- [Problem details] In the records below, find the line that contains "7 Фотография поврежденного", then transcribe it and every later line exactly, stopping at the final line.

- [Supplied records]
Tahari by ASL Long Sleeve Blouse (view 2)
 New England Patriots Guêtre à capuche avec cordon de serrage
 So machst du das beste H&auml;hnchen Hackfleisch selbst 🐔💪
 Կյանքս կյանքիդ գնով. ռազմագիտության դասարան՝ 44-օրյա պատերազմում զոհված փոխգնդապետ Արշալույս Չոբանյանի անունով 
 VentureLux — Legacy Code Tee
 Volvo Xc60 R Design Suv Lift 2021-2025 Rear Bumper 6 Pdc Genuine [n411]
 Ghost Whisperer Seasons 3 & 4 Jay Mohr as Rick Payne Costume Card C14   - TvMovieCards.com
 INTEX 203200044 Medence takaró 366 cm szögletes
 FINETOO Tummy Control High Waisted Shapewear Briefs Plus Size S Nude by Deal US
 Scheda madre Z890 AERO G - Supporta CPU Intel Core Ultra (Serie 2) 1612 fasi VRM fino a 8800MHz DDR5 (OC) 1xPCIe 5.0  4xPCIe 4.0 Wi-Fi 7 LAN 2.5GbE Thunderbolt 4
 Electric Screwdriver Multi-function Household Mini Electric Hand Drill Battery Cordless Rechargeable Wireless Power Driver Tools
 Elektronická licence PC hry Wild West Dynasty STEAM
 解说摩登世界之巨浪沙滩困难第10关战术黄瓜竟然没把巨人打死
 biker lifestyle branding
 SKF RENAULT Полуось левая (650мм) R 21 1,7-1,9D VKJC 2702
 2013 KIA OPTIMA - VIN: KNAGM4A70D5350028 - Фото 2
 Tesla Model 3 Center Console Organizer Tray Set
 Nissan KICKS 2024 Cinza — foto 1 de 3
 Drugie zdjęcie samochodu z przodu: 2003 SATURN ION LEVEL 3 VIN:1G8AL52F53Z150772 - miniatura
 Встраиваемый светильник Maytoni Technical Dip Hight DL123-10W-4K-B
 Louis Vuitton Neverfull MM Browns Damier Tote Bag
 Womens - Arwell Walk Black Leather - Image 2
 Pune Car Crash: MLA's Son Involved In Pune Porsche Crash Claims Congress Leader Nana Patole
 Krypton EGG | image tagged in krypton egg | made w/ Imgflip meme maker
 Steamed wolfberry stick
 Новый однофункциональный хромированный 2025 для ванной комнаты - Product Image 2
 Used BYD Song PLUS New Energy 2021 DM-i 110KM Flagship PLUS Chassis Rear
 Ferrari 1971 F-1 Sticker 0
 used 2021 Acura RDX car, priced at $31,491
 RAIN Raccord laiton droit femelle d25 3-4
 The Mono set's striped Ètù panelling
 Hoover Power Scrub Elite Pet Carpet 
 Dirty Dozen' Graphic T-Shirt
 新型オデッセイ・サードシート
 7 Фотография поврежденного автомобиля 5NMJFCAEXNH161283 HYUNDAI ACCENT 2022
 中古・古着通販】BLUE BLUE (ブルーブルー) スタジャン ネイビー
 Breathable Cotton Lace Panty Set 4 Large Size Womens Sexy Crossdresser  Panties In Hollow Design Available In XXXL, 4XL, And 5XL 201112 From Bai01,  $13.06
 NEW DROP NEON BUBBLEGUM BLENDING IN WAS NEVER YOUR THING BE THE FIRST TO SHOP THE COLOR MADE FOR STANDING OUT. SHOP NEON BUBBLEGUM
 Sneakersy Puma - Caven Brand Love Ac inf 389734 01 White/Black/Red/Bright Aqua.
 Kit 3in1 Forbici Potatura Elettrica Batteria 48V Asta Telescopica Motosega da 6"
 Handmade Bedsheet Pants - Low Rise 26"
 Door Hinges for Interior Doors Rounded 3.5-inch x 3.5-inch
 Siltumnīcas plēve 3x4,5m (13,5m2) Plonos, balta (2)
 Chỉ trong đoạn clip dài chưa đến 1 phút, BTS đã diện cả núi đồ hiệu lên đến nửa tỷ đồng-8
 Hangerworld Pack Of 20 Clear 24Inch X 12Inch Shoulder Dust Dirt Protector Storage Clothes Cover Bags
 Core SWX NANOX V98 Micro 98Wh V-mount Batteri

- [Result]
 7 Фотография поврежденного автомобиля 5NMJFCAEXNH161283 HYUNDAI ACCENT 2022
 中古・古着通販】BLUE BLUE (ブルーブルー) スタジャン ネイビー
 Breathable Cotton Lace Panty Set 4 Large Size Womens Sexy Crossdresser  Panties In Hollow Design Available In XXXL, 4XL, And 5XL 201112 From Bai01,  $13.06
 NEW DROP NEON BUBBLEGUM BLENDING IN WAS NEVER YOUR THING BE THE FIRST TO SHOP THE COLOR MADE FOR STANDING OUT. SHOP NEON BUBBLEGUM
 Sneakersy Puma - Caven Brand Love Ac inf 389734 01 White/Black/Red/Bright Aqua.
 Kit 3in1 Forbici Potatura Elettrica Batteria 48V Asta Telescopica Motosega da 6"
 Handmade Bedsheet Pants - Low Rise 26"
 Door Hinges for Interior Doors Rounded 3.5-inch x 3.5-inch
 Siltumnīcas plēve 3x4,5m (13,5m2) Plonos, balta (2)
 Chỉ trong đoạn clip dài chưa đến 1 phút, BTS đã diện cả núi đồ hiệu lên đến nửa tỷ đồng-8
 Hangerworld Pack Of 20 Clear 24Inch X 12Inch Shoulder Dust Dirt Protector Storage Clothes Cover Bags
 Core SWX NANOX V98 Micro 98Wh V-mount Batteri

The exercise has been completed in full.